A word-for-word copy of every entry below is required; the images do not belong in it.

══════════════════════════════

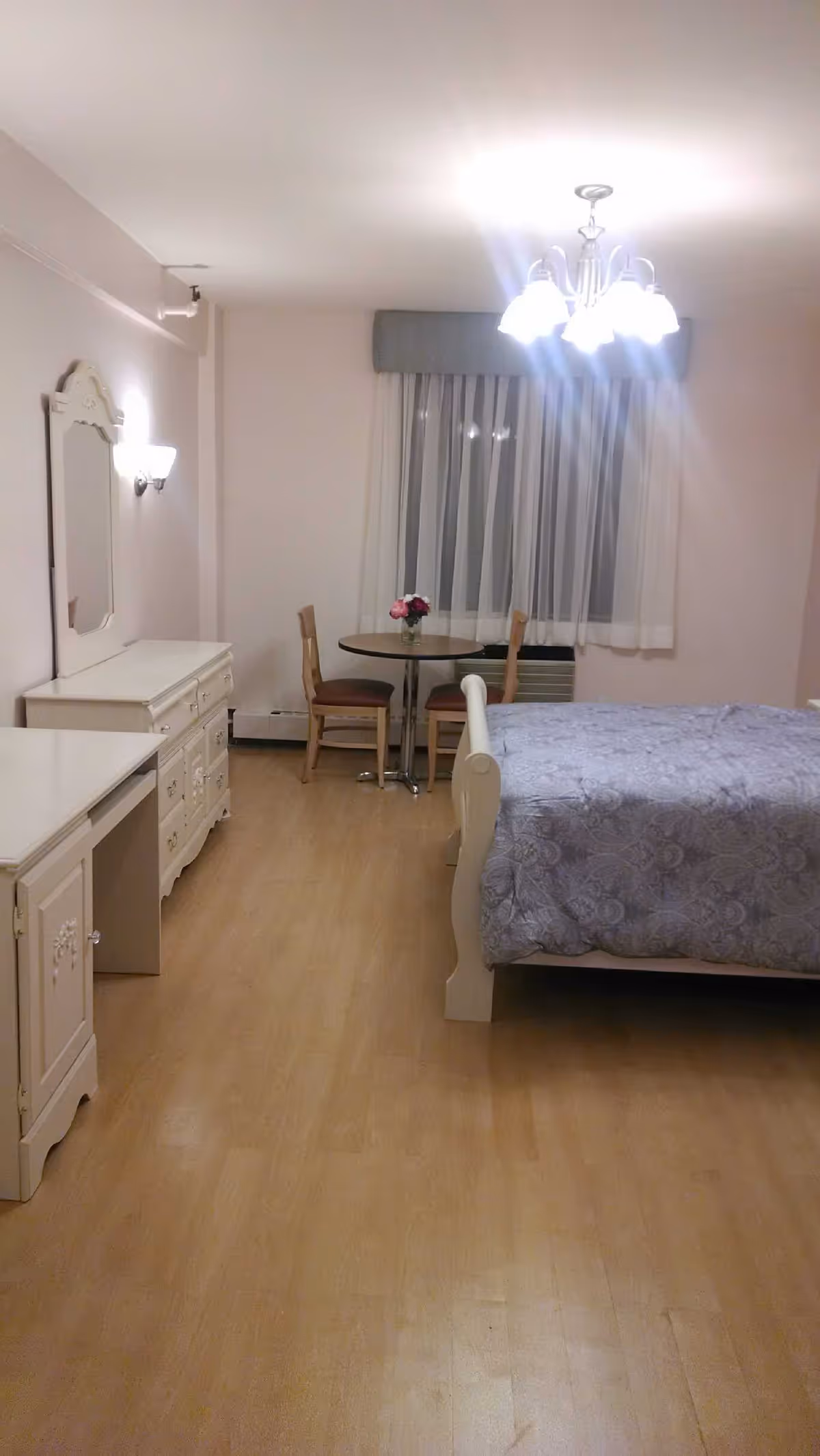 A senior living facility bedroom with a bed covered in a gray patterned comforter, a small round table with two chairs near a window with sheer curtains, a white dresser with a mirror, and a chandelier light fixture on the ceiling.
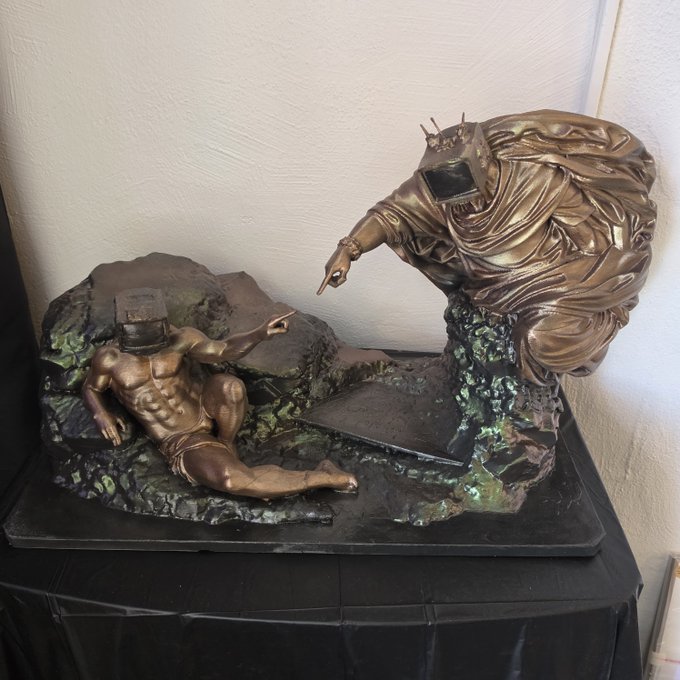 A bronze-toned fantasy sculpture shows two armored figures in a rocky scene, one reclining while pointing and the other leaning forward to point back.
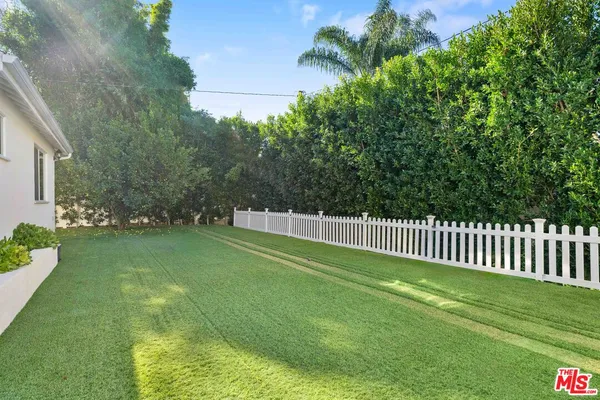 a view of a green field with wooden fence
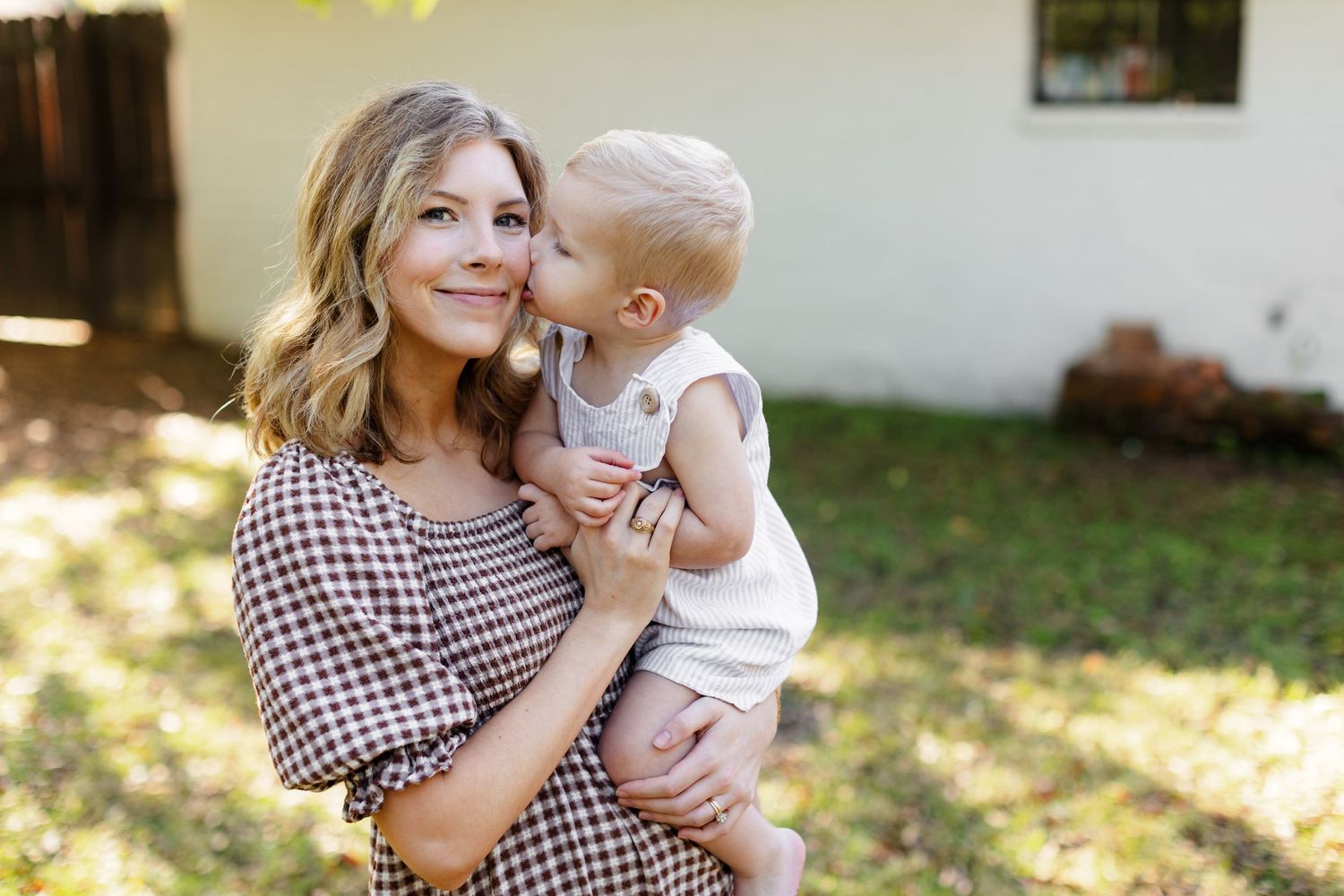 Toddler boy kisses his mama for a portrait by Memphis wedding photographer Emily Joy Photography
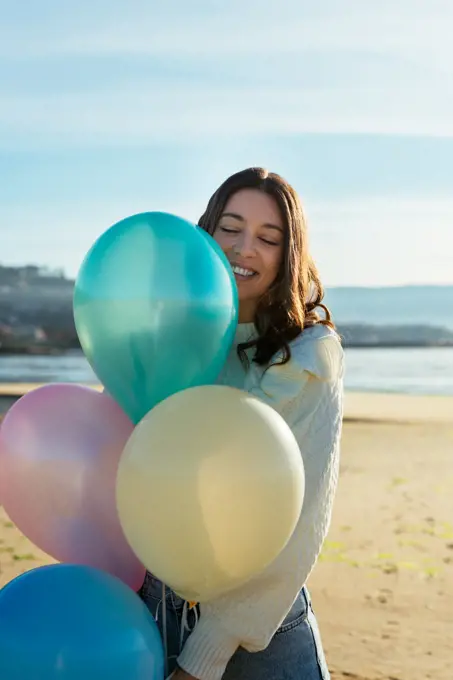 Portrait of a beautiful woman smiling and holding a bunch of balloons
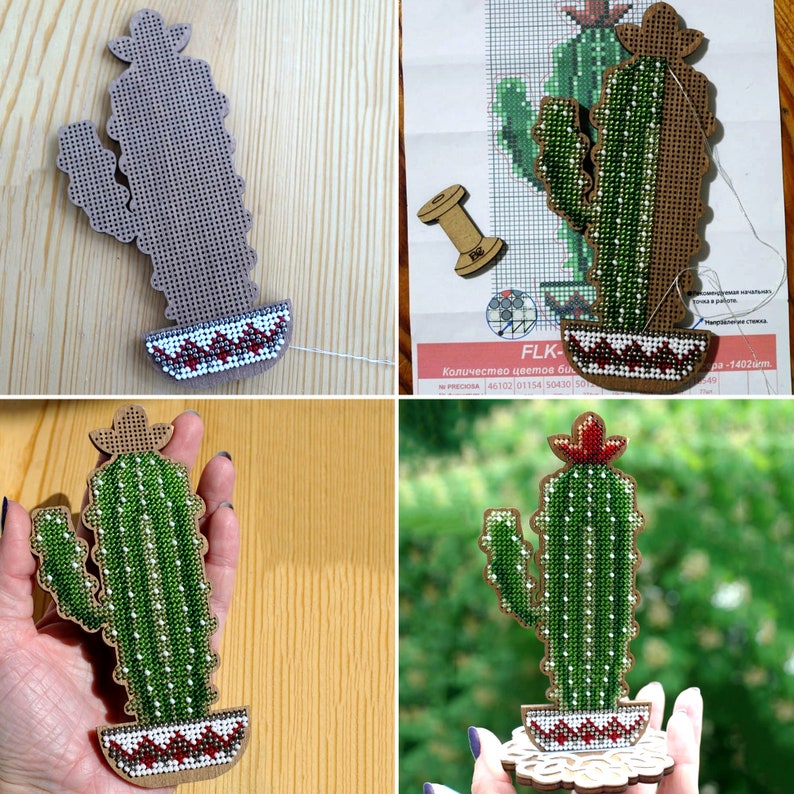 May include: Wooden cactus-shaped craft with a cross-stitch design. The cactus is green with white dots and a red flower. The base features a cross-stitched pattern in red, white, and brown. The craft is on a wooden base.
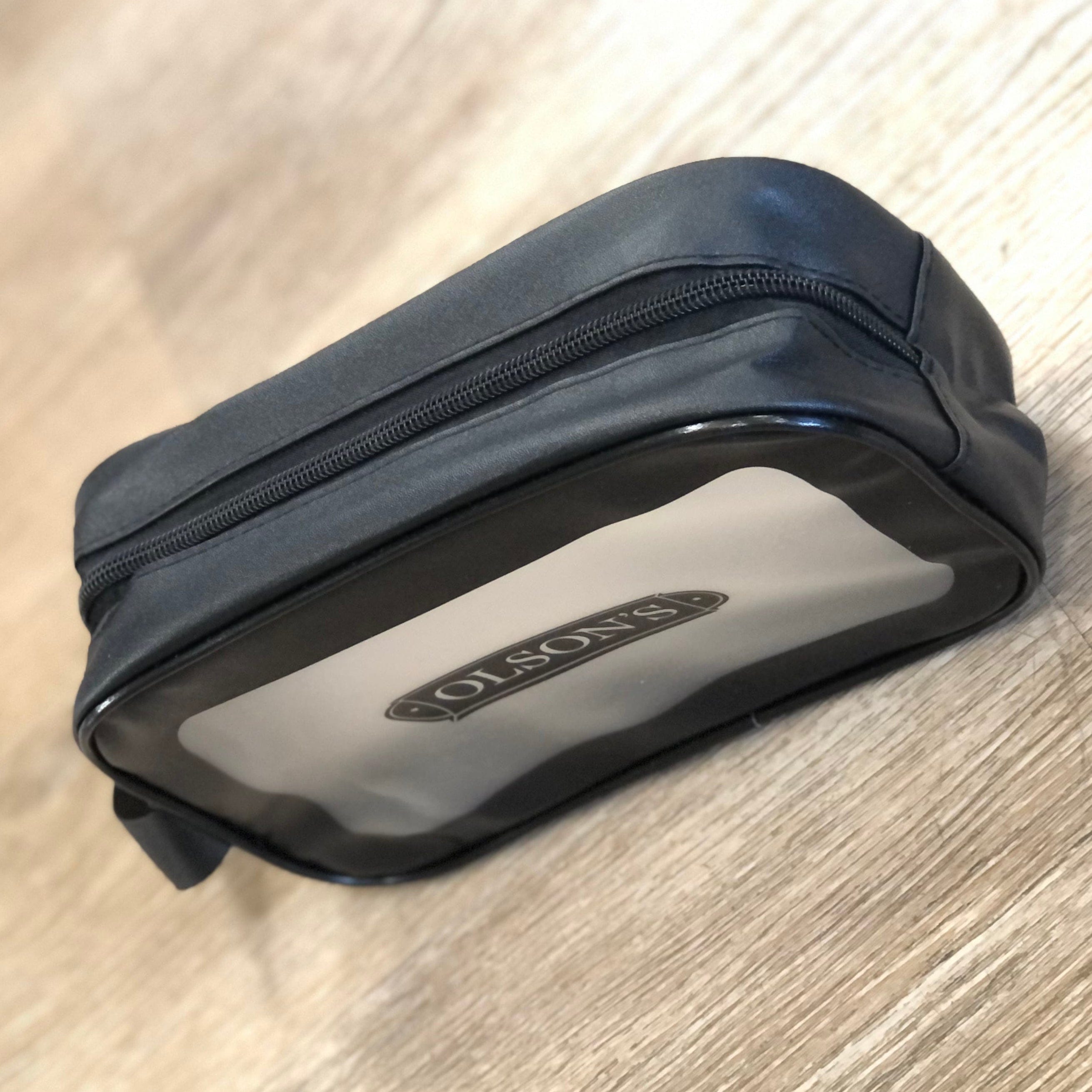 Black toiletry bag with 'Olson's' branding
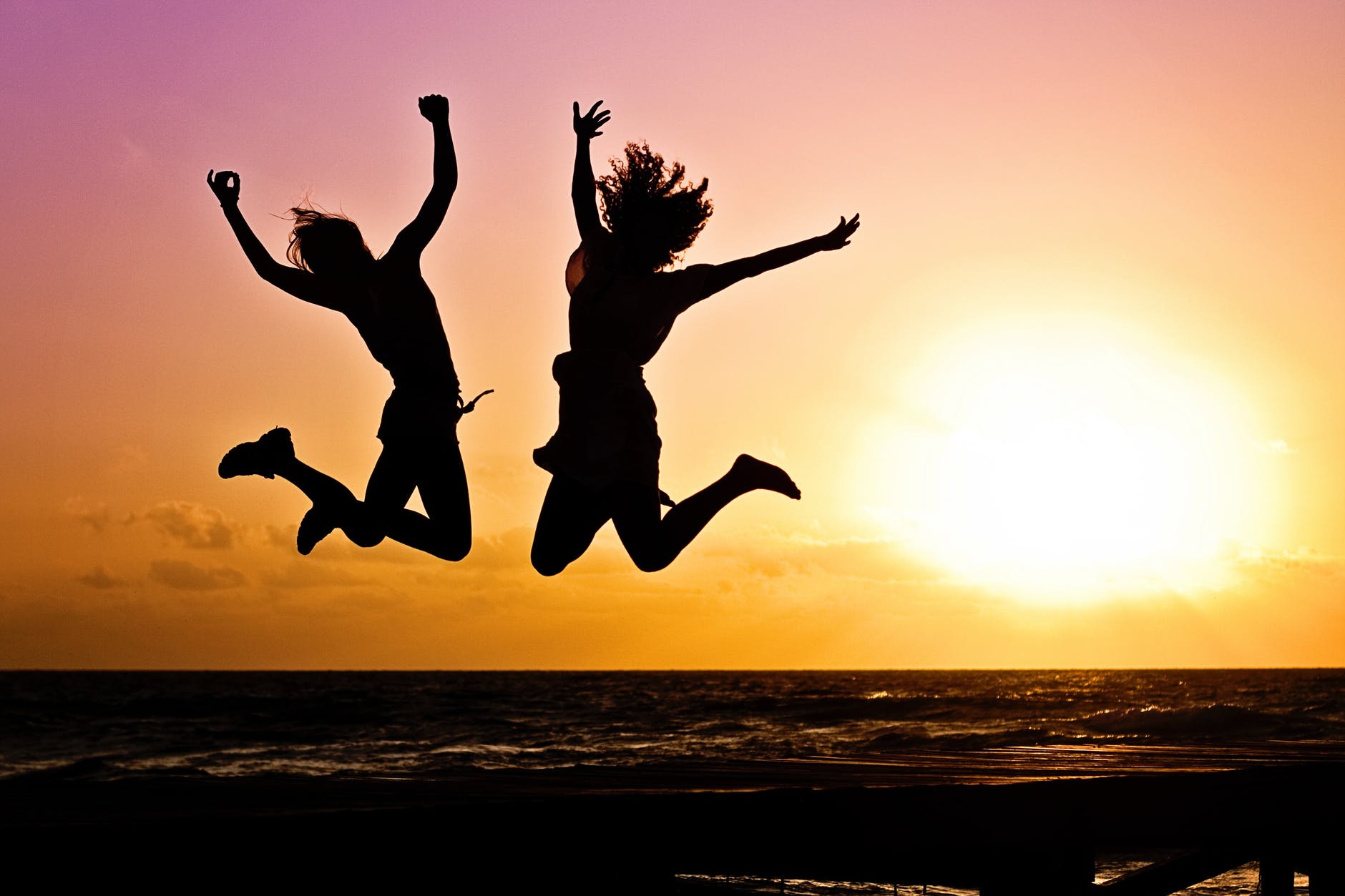 silhouette photography of jump shot of two persons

══════════════════════════════

_FINAL ANSWER_.
 A senior living facility bedroom with a bed covered in a gray patterned comforter, a small round table with two chairs near a window with sheer curtains, a white dresser with a mirror, and a chandelier light fixture on the ceiling.
 A bronze-toned fantasy sculpture shows two armored figures in a rocky scene, one reclining while pointing and the other leaning forward to point back.
 a view of a green field with wooden fence
 Toddler boy kisses his mama for a portrait by Memphis wedding photographer Emily Joy Photography
 Portrait of a beautiful woman smiling and holding a bunch of balloons
 May include: Wooden cactus-shaped craft with a cross-stitch design. The cactus is green with white dots and a red flower. The base features a cross-stitched pattern in red, white, and brown. The craft is on a wooden base.
 Black toiletry bag with 'Olson's' branding
 silhouette photography of jump shot of two persons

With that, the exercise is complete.